# being recruited while in the academy



## btbamfan90 (Dec 10, 2012)

If I was to go to a police academy as a self sponsor. What are the chances of me getting recruited by a police department during my time in the academy. Anyone have any stories or thoughts about this? Thanks


----------



## JP1209PA (Mar 10, 2013)

I should save you for this one... Please do a search before asking questions like this.

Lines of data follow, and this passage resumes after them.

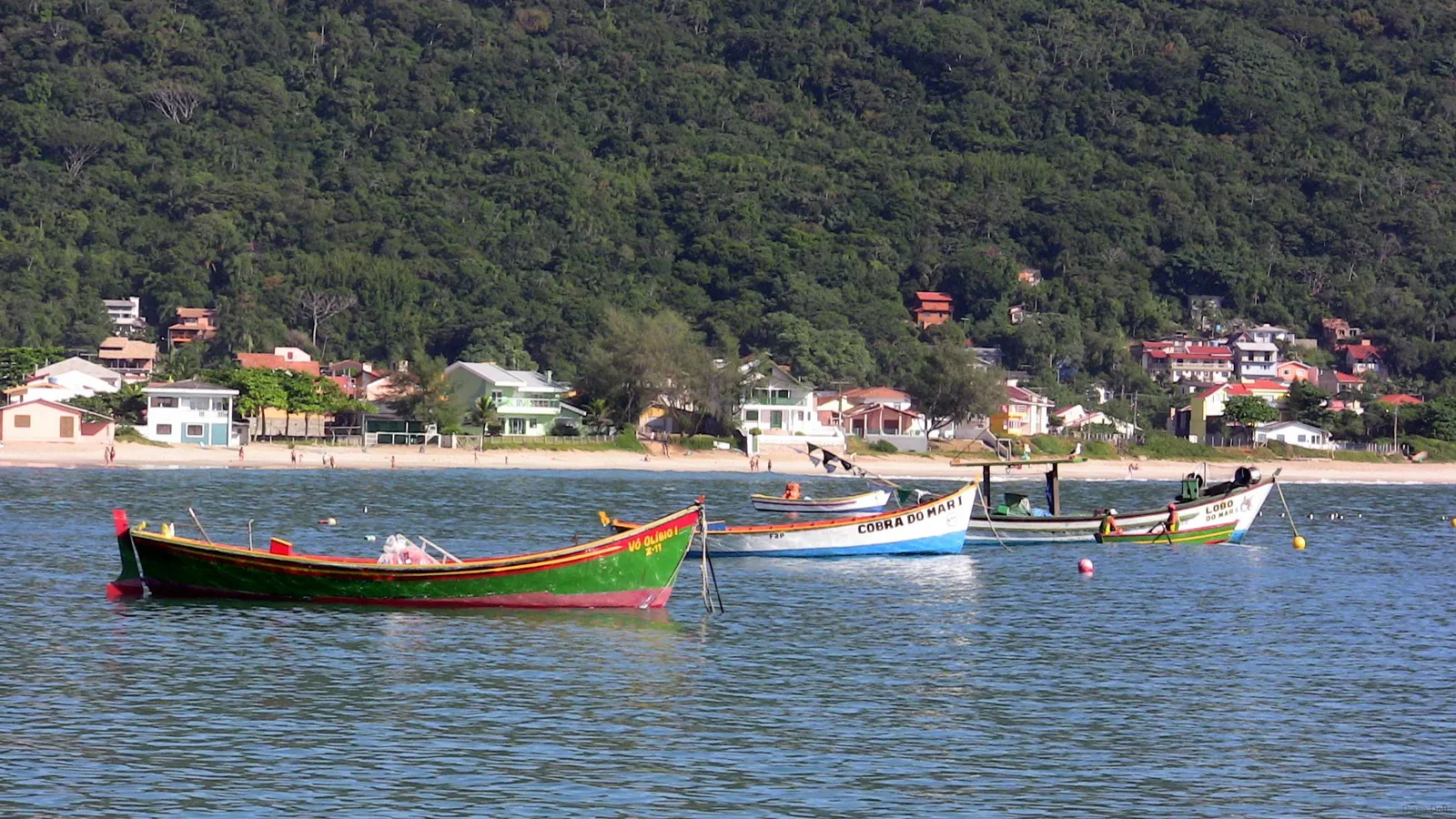 Ilha do Campeche, 2009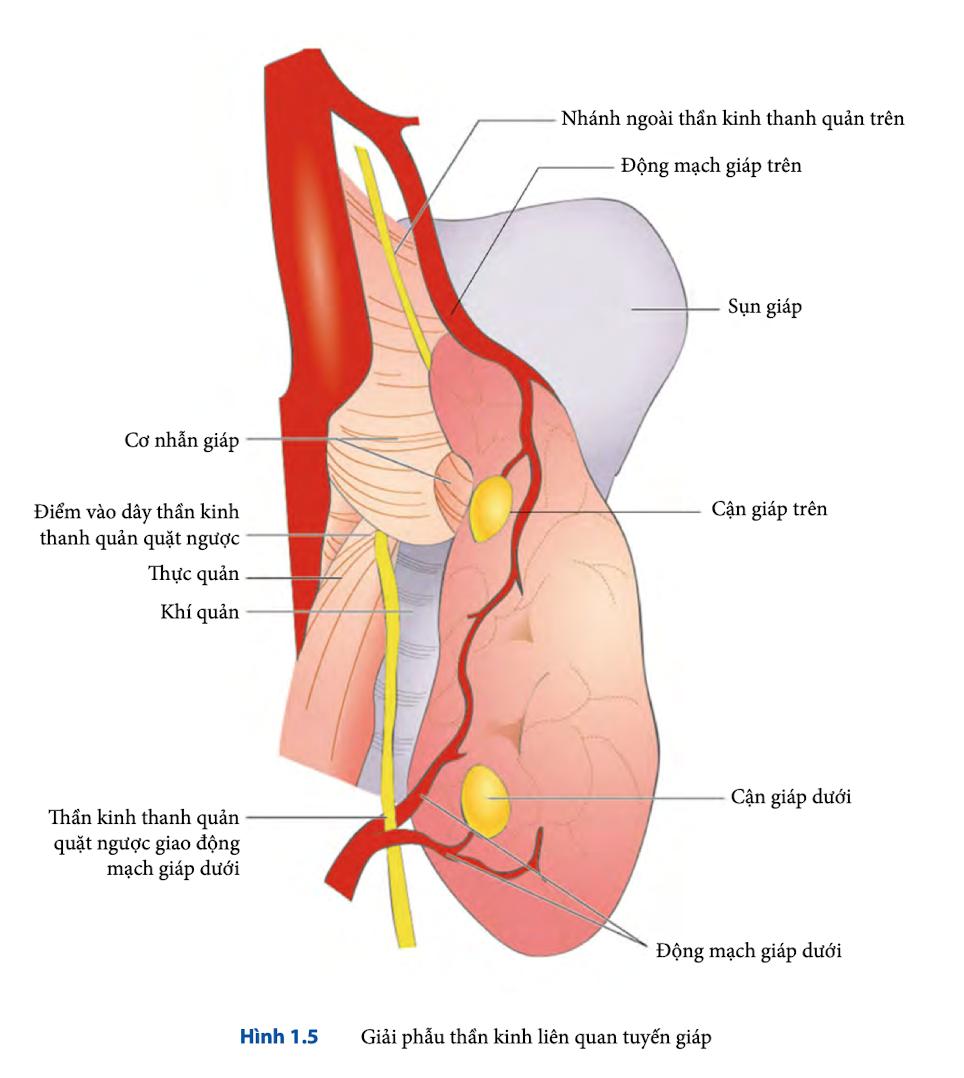 Các thần kinh liên quan đến tuyến giáp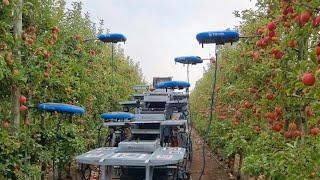 Israel enlists drones AI and big data to farm for the future  AFP
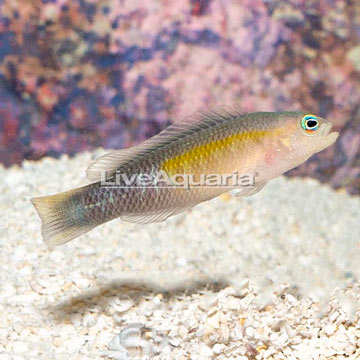 Blue Bar Dottyback 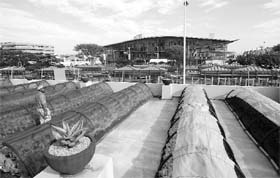 A rooftop garden on a building across the street from the International Convention Centre (top) where the United Nations Climate Change Conference (COP17) continues in Durban on December 7, 2011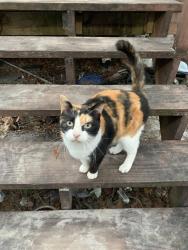 Lost Female Cat last seen Pepper St & Allen Road, Zephyrhills, FL 33541
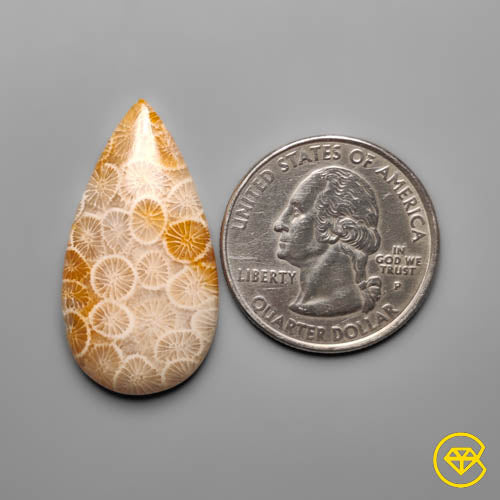 Fossil Coral
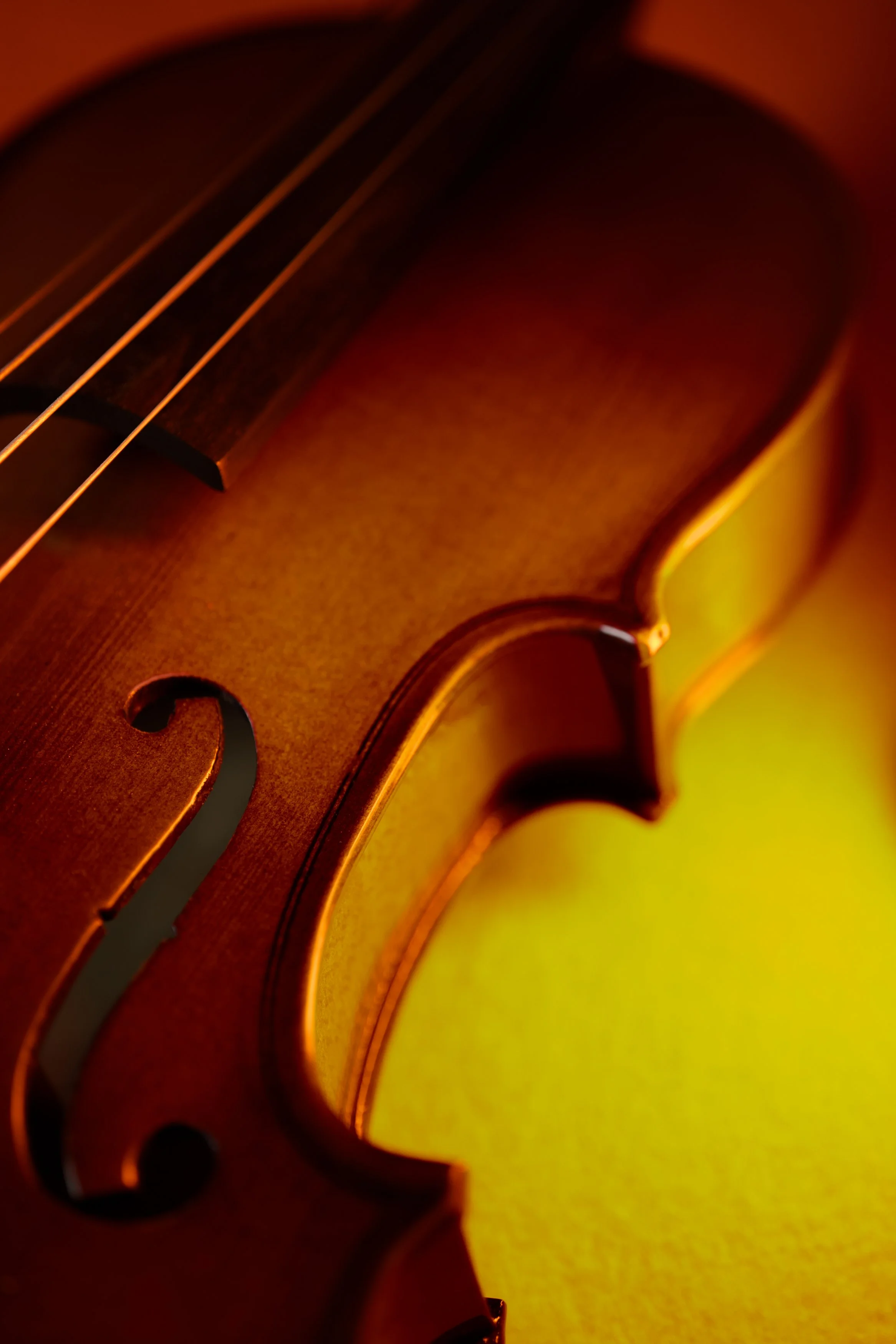 ORN3_MD-2_VIOLON.jpg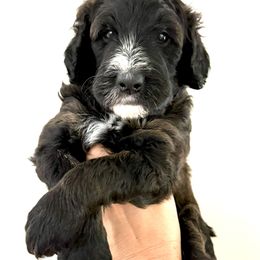 Orange Boy - Wonton - Brown and white male Bernedoodle puppy in Moulton, Alabama from Triple W Doodles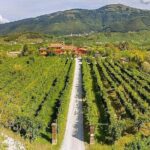Prosecco Wine Tasting. Visit Treviso. From Venice - Tasting and Light Lunch in the Vineyard Setting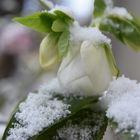 Christrose im Schneemantel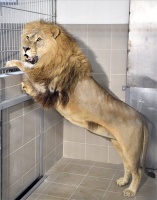 A Veresegyházi Medveotthonban leltek végleges otthonra romániai cirkuszi oroszlánok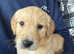 Stunning litter of exceptionally well bred Retrievers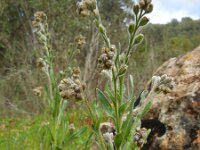 Cynoglossum clandestinum 7, Saxifraga-Ed Stikvoort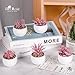 Der Rose Set of 6 Pink Succulents Plants Artificial in Pots Small Fake Plants for Girls Pink Room Decor Office Desk Accessories for Women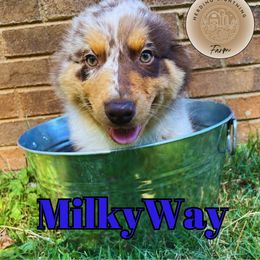 MilkyWay - Australian Shepherd puppy in Mount Holly, North Carolina from Herding Lightning Farm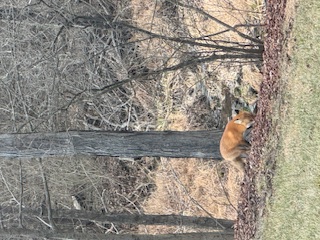 Red fox in the woods at the edge of the property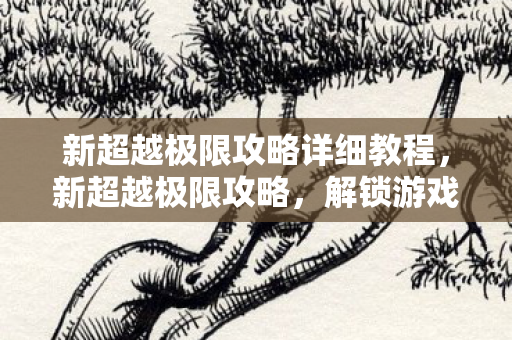 新超越极限攻略详细教程,新超越极限攻略,解锁游戏新境界 新超越极限攻略详细教程,新超越极限攻略,解锁游戏新境界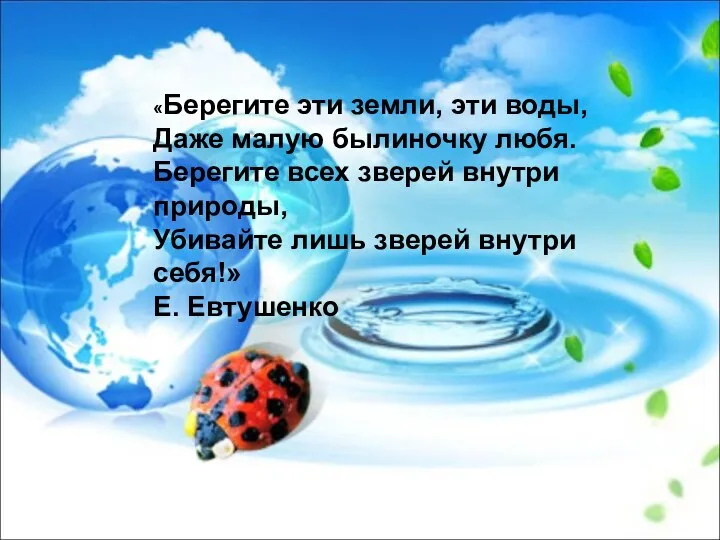 «Берегите эти земли, эти воды, Даже малую былиночку любя. Берегите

http://www.mass.gov/eopss/law-enfor...uit-officer-courses/recruit-officer-faqs.html


----------



## Code 3 (Dec 28, 2012)




----------



## btbamfan90 (Dec 10, 2012)

Thanks JP1209PA! I was just curious if anyone had been picked up in the academy as a self sponsor. I knew that self sponsors are basically last pick to get into an academy unfortunately. But Il have to search a that whole site before I ask any questions.


----------



## btbamfan90 (Dec 10, 2012)

I just wanted to know if departments look at the self sponsors in the academy and hire from there. This was just a simple question if I sound like an idiot then so be it, I just wasnt sure if anyone had ever been picked up while in the academy through word of mouth through the instructors or someone else who is a full time hired officer or something. I apologize if this question was completely stupid and unreasonable to ask.


----------



## 263FPD (Oct 29, 2004)

Are you going to be sponsored at this time? Do you have a civil service grade on file? Other than that, you wait til ou are out of he academy and start making out apps to non CS departments and Campus Police agencies


----------



## btbamfan90 (Dec 10, 2012)

ok thanks 263FPD I will have to do that!


----------



## Guest (Apr 12, 2013)

Zero. 

Sent from my ADR6400L using Tapatalk 2


----------



## Dan Stark (Aug 2, 2005)

Easy on the kid. In my class, we had two separate days where we were put on display for recruiters. It was pretty degrading, as we would have to stand at parade rest, and they would grab us to see if we had the balls to do the job. Even the women.


----------



## Goose (Dec 1, 2004)

Dan Stark said:


> Easy on the kid. In my class, we had two separate days where we were put on display for recruiters. It was pretty degrading, as we would have to stand at parade rest, and they would grab us to see if we had the balls to do the job. Even the women.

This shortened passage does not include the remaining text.